No creo que haya niño majorero de mi generación que no haya vivido esto. Y que según vea aparecer la sandía en el supermercado, no se le vengan a la mente estos recuerdos de infancia.
Todo ha ido cambiando, tanto, que ahora hay sandía en cualquier momento del año. Algo que no es ni natural ni bueno. Opinión mía, personal e intransferible que nadie me ha pedido.
Yo necesito que las cosas estén en su sitio para seguir sintiendo que la vida tiene cierto orden. La sandía es del verano y se debe comer en la playa, entre la arena y el salitre. Y aunque me coma la sandía en casa, no me sabe igual.
Ya no tengo una familia enorme con quien ir juntos a la playa. Nos hicimos mayores, mi abuela ya no está y la siguiente línea, peinan más que canas. Nos hemos ido reproduciendo y desperdigando a lo largo de la isla y muchos de los nuevos no han tenido oportunidad de fabricar estas vivencias.
Estos recuerdos que tengo de mi infancia son como la sábana que te pones por encima en la madrugada del verano. Cuando duermes con la ventana abierta porque el calor se sufre casi todo el día y la noche. Pero cuando llega la madrugada refresca, esa sabanita te abriga. Los recuerdos de la infancia son así.
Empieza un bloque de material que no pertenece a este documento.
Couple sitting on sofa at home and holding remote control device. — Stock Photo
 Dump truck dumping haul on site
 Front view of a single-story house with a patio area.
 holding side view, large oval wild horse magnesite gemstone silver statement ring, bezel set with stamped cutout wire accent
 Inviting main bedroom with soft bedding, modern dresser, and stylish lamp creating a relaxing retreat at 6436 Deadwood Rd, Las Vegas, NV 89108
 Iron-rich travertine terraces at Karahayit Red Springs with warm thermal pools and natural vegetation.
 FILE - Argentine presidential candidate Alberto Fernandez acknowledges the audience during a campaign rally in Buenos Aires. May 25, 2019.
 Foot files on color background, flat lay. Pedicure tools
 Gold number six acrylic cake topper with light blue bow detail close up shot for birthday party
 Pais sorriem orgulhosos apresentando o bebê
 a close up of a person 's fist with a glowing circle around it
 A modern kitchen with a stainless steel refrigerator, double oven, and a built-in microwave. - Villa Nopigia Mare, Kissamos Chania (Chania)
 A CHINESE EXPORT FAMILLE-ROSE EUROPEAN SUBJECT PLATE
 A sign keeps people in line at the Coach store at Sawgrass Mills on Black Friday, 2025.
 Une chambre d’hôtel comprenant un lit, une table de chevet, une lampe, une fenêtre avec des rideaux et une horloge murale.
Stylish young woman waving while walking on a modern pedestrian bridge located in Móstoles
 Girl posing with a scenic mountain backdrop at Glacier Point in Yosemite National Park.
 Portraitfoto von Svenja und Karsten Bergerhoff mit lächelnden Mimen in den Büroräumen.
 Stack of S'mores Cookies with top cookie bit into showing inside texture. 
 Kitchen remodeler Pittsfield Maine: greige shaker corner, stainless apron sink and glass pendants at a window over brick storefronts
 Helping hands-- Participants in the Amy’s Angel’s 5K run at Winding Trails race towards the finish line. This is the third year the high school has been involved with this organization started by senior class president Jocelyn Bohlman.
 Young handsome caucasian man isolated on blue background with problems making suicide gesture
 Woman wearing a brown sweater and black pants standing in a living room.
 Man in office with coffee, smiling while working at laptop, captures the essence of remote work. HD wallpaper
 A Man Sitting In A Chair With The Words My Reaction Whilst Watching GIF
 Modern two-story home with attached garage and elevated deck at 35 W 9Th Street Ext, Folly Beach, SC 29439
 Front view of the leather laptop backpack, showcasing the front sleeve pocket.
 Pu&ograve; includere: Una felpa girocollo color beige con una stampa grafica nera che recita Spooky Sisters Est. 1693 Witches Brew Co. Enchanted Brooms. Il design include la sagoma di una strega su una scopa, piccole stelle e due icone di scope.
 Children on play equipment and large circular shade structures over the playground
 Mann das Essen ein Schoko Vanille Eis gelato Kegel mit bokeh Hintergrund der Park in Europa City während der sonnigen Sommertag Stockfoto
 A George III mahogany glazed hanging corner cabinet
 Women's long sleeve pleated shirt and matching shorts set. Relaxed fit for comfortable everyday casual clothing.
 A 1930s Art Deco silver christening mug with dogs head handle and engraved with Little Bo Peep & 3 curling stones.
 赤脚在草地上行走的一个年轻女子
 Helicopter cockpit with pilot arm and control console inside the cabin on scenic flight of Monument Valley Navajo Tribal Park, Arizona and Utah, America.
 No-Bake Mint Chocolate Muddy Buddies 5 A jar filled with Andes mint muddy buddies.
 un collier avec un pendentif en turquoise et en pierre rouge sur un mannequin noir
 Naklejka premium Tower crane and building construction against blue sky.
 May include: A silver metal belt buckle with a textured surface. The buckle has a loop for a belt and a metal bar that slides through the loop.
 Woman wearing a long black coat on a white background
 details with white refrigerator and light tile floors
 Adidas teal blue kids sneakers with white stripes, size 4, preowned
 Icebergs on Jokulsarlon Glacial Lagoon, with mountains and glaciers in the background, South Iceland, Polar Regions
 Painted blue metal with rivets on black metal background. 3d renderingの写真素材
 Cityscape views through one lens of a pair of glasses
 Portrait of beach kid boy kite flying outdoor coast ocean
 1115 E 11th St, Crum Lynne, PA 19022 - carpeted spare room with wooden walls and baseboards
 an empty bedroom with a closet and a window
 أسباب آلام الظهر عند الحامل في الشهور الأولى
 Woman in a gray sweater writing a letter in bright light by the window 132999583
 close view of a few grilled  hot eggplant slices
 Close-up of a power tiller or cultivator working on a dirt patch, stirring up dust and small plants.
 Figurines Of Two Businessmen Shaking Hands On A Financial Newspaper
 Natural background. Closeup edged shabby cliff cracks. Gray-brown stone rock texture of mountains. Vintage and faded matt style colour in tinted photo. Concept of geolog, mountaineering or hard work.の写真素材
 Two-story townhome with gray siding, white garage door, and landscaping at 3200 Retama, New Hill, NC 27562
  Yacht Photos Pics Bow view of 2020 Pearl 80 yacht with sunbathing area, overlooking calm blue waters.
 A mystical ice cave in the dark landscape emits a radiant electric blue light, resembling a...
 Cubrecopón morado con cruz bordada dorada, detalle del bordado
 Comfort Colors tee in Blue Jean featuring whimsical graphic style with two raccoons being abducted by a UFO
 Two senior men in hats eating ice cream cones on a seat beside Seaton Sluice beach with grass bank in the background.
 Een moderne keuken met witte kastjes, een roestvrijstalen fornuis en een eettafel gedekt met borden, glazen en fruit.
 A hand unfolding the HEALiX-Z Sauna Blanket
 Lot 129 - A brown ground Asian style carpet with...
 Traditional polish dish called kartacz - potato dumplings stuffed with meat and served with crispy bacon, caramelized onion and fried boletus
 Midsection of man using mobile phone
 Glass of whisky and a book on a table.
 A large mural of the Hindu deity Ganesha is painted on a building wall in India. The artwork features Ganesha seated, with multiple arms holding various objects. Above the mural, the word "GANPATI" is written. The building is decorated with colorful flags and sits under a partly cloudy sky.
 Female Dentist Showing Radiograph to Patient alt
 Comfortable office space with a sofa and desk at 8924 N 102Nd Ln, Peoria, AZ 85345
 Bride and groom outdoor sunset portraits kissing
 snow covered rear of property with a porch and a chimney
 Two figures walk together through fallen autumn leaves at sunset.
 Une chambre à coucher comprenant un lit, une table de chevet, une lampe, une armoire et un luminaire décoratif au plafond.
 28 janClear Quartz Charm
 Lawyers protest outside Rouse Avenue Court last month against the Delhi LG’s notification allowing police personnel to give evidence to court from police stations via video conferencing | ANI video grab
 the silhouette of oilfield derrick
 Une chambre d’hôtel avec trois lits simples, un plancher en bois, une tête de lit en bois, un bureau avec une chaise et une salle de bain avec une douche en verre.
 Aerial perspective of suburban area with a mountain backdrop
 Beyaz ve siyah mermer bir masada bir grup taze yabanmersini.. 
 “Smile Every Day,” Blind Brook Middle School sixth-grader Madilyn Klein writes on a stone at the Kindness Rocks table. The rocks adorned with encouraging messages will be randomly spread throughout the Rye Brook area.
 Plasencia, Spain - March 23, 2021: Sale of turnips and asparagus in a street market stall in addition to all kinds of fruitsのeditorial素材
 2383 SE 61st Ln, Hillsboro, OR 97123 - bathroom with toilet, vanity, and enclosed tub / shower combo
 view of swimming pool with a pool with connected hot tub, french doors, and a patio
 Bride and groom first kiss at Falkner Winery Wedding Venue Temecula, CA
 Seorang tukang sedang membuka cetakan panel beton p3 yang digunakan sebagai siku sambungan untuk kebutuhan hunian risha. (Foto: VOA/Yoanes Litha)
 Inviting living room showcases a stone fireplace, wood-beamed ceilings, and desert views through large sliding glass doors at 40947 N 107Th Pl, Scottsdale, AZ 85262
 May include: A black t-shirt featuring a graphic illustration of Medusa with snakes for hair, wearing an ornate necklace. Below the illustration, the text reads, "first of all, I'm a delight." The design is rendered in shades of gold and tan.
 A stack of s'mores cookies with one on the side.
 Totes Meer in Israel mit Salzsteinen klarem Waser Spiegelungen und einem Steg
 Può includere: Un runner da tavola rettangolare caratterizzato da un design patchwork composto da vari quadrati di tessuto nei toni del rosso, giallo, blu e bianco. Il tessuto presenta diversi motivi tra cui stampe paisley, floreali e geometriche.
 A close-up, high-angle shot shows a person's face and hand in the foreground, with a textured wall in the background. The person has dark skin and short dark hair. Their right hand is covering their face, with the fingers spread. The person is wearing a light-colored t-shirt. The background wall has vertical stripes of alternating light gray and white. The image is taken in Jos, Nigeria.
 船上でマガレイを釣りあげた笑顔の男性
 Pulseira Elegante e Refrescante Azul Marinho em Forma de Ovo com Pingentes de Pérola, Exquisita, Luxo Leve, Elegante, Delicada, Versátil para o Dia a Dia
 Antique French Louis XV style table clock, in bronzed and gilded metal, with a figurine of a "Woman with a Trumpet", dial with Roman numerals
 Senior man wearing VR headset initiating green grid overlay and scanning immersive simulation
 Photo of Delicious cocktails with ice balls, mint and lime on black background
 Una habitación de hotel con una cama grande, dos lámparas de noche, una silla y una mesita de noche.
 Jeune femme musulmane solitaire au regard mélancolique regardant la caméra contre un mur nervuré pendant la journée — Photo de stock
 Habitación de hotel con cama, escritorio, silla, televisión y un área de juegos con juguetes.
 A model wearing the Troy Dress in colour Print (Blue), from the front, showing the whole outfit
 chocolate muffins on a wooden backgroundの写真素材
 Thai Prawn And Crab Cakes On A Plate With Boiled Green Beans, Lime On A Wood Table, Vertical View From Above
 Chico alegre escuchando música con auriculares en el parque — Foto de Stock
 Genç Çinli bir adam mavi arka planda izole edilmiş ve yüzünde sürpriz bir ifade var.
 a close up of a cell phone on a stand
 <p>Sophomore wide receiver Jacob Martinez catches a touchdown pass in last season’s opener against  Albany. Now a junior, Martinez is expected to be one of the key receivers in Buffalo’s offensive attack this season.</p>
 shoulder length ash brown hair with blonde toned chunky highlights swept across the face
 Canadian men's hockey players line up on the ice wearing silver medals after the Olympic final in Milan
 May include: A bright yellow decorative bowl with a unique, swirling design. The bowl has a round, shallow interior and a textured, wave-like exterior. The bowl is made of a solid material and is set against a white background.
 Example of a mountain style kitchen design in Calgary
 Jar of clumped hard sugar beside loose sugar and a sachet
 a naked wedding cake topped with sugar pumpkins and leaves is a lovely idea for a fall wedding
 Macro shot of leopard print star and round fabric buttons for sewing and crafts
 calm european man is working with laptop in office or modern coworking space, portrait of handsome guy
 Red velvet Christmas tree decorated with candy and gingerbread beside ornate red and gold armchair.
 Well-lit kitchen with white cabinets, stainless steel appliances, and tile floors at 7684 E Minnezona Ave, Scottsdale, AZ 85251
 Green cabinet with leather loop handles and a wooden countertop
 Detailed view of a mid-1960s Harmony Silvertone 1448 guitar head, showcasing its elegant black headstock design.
Desde que tengo una personita de la que hacerme cargo, tengo como primera misión fabricarle buenos recuerdos. Llenarle una mochila de estos abrigos para las madrugadas. Hasta ahora creo que he acometido esta misión de forma satisfactoria. Este verano me he propuesto añadir una sabanita más.
Este verano habrá playa y un tupper lleno de sandía.